EU Powering Toward 20% Renewables Target

European Union targets adopted in the wake of the Kyoto Protocol call for the member states to account for 20 percent of their gross final energy consumption with renewable sources by 2020. According to the European Wind Energy Association (EWEA), the EU is currently on track to exceed that goal, based on the National Renewable Energy Action Plans submitted by each of the EU Member States to the European Commission.

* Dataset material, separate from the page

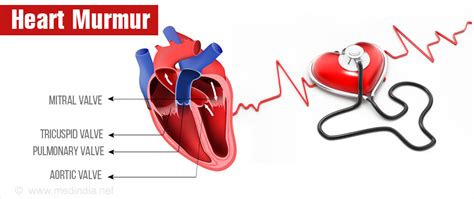 Heart/Cardiac Murmurs - Types Causes Symptoms Diagnosis Treatment ...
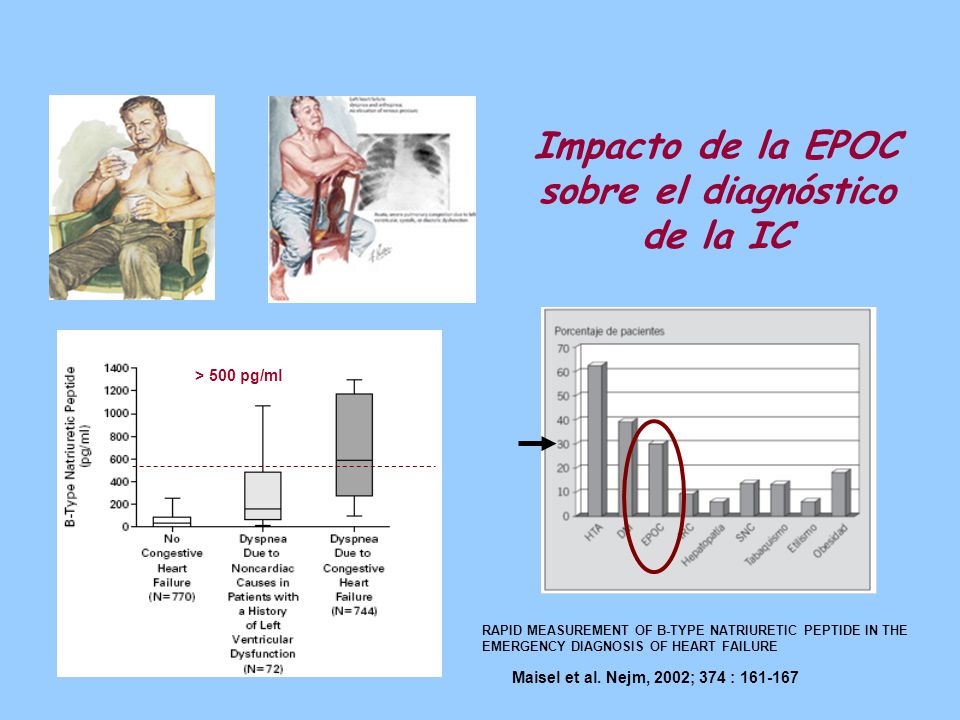 Impacto de la EPOC sobre el diagnóstico de la IC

These National Action Plans show that more than one third (34 percent) of EU electricity demand will be supplied from renewables by 2020, including 14 percent from wind energy (10 percent onshore, 4 percent offshore), 10.5 percent from hydro, 6.6 percent from biomass, 2.4 percent from solar photovoltaic, 0.5 percent from CSP, 0.3 percent from geothermal and 0.1 percent from marine power.

Wind Power

image via enXco

Bulgaria leads the charge on the 15 countries exceeding the target, coming in at +2.8 percent, Spain at +2.7, Greece at +2.2, Hungary at +1.7 and Germany at +1.6. 10 Member States have reported that they will meet the 20 perdent target exactly, and just two Member States–Luxembourg, at -2.1 and Italy, at -0.9 – have informed the European Commission that they plan to use cooperation mechanisms (such as cap and trade) to meet the 2020 goal.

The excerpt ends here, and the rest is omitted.